Home
Java from First Principles / Chapter 12 — Collections Framework

Collections Framework

List, Set, Map, Queue — the interfaces and the implementations. When to pick which. How HashMap actually works inside.


The most-used part of the standard library

Almost every non-trivial Java program uses collections. A list of users. A map from product ID to inventory count. A set of seen IDs to deduplicate. The Java Collections Framework is the part of the standard library you'll touch every day.

The framework was added in Java 1.2 (1998).

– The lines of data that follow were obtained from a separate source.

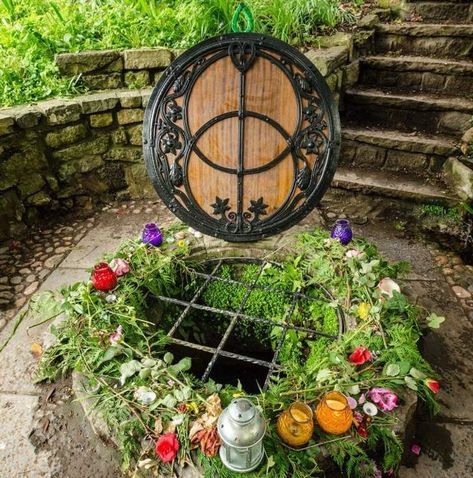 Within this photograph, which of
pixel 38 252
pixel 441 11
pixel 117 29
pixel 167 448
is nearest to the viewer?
pixel 167 448

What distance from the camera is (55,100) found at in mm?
2988

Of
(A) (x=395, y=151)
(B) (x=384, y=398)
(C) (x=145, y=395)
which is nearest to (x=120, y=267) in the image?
(C) (x=145, y=395)

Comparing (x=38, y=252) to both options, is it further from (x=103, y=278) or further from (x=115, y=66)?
(x=115, y=66)

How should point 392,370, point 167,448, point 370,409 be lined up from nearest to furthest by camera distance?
point 167,448 < point 370,409 < point 392,370

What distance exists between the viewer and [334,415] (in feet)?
4.26

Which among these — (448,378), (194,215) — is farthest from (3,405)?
(448,378)

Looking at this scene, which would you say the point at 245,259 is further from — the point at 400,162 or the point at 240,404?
the point at 400,162

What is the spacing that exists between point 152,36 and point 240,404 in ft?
9.66

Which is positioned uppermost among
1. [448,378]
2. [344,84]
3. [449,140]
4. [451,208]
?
[344,84]

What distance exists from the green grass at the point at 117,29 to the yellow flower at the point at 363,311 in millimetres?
2321

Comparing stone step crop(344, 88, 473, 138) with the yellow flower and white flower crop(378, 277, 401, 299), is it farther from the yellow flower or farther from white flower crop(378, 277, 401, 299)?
the yellow flower

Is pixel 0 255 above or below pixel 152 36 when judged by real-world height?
below

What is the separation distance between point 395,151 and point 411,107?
0.44 meters

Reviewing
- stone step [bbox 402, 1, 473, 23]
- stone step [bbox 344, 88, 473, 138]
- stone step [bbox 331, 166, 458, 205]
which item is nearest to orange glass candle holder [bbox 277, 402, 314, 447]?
stone step [bbox 331, 166, 458, 205]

It's not perfect — there are some legacy classes (Vector, Hashtable) that predate it and never quite fit, and a few corners that show their age. But the core abstractions (List, Set, Map, Queue) and the main implementations (ArrayList, HashMap, HashSet, LinkedList, TreeMap) hold up beautifully. They're some of the most carefully-tuned code in the JDK.

This chapter walks through the framework, picks apart how HashMap actually works under the hood, and gives a decision tree for picking the right collection for the job.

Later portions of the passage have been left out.